Doğanlar Mobilya Grubu Üst Yöneticisi İsmail Doğan: ‘Bugünün ve geleceğin trendi döngüsel tasarım’

Doğanlar Mobilya Grubu Üst Yöneticisi İsmail Doğan: ‘Bugünün ve geleceğin trendi döngüsel tasarım’

30.04.2025 04:00:00
Güncellenme: 30.04.2025 04:00:00
Ayça Ceylan
Takip Et:
Doğanlar Mobilya Grubu Üst Yöneticisi İsmail Doğan: ‘Bugünün ve  geleceğin trendi döngüsel tasarım’

Doğanlar Mobilya Grubu Üst Yöneticisi İsmail Doğan ile döngüsel tasarımdan ormansızlaşmaya, kurumsal sürdürülebilirlik hedeflerinden gündelik yaşamındaki yeşil adımlarına kadar etki yaratan birçok konuyu konuştuk.

- Doğanlar Mobilya Grubu olarak geçen aylarda yayımladığınız sürdürülebilirlik raporu, geleceğe dönük kararlı bir niyeti yansıtıyor. Bu bağlamda, kurumsal olarak ana hedefleriniz neler?
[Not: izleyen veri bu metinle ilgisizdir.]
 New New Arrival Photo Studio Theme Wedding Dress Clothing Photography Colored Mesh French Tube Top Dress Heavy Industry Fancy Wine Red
Ana hedeflerimiz, mobilya sektöründe sürdürülebilirliğe öncülük etmek ve bu alanda fark yaratmak. Bu yolculuğa, kaynakların tükendiği, iklim krizinin adım adım yaklaştığı bu dönemde bilinçlendirme ve dünyamız için sürdürülebilir yöntemlerle mobilya üretimi yapmak için çıktık. “Geleceğin mobilyası” vizyonumuz, doğaya ve insana olan sorumluluğu temel alıyor. Bu doğrultuda, çevresel etkimizi en aza indirmek, kaynakları verimli kullanmak ve döngüsel ekonomi prensiplerini benimsemek önceliklerimiz arasında yer alıyor. Aynı zamanda, sosyal sorumluluk bilinciyle hareket ederek, çalışanlarımızın refahını, paydaşlarımızla işbirliğini ve toplumsal kalkınmaya katkıyı da en üst düzeyde önemsiyoruz. İnovasyon ve Ar-Ge yatırımlarımızla, sürdürülebilir malzemeler kullanarak ürettiğimiz estetik, fonksiyonel ve kaliteli ürünlerle hem müşterilerimizin yaşam alanlarına değer katmayı hem de sektörde örnek teşkil etmeyi hedefliyoruz.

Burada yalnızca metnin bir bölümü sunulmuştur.